Records ->
== Segment start ==

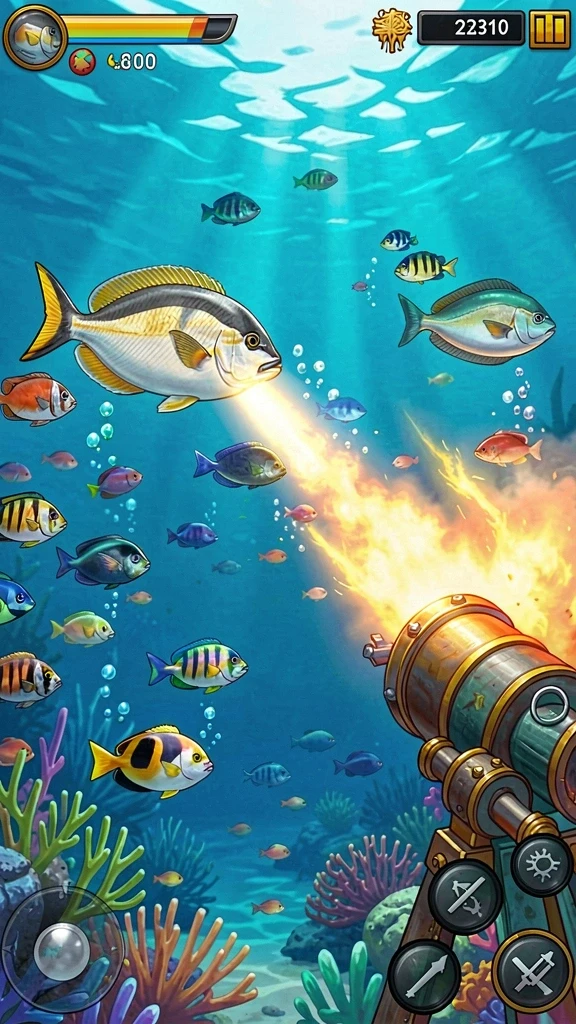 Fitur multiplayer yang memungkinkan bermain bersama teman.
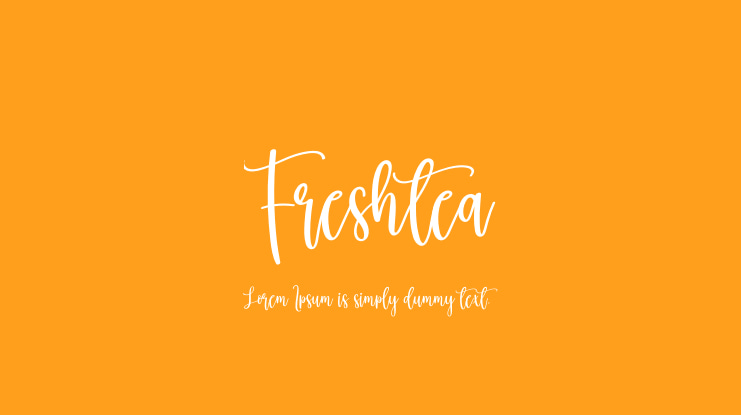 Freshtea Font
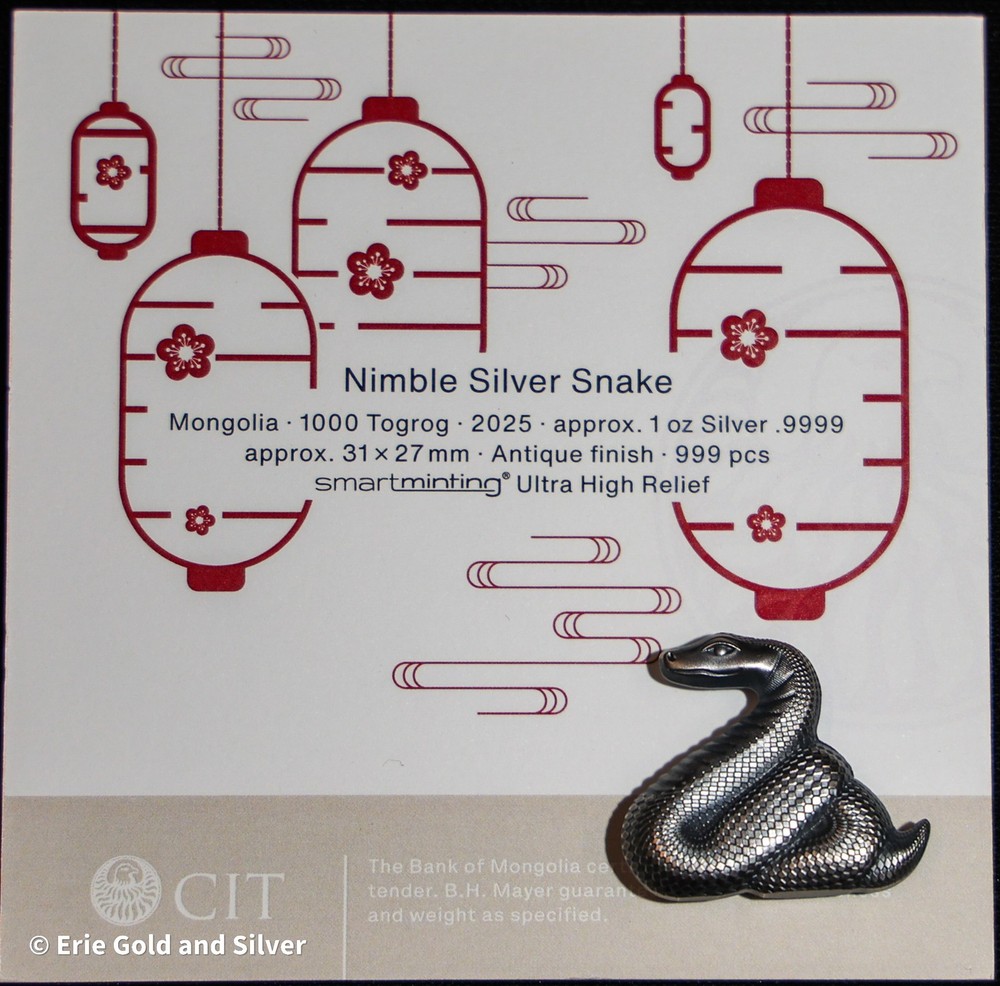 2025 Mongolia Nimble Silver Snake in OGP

== Segment end ==
== Segment start ==

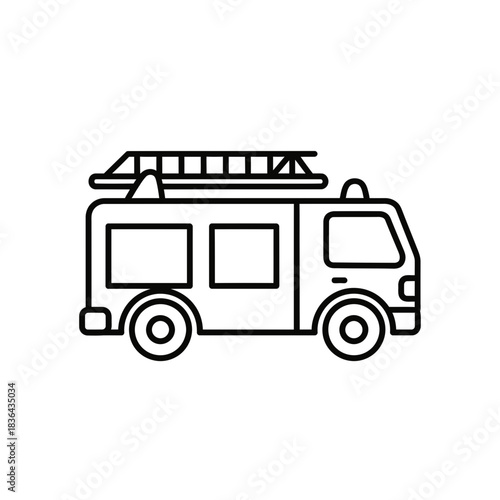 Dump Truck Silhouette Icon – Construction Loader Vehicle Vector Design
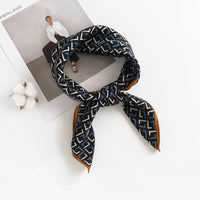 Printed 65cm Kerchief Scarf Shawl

== Segment end ==

Work order -> With the pictures omitted, print the lines above exactly, beginning at the line with "Fitur multiplayer yang" and going on through the line with "2025 Mongolia Nimble Silver Snake in OGP".

Solution to this problem ->
 Fitur multiplayer yang memungkinkan bermain bersama teman.
 Freshtea Font
 2025 Mongolia Nimble Silver Snake in OGP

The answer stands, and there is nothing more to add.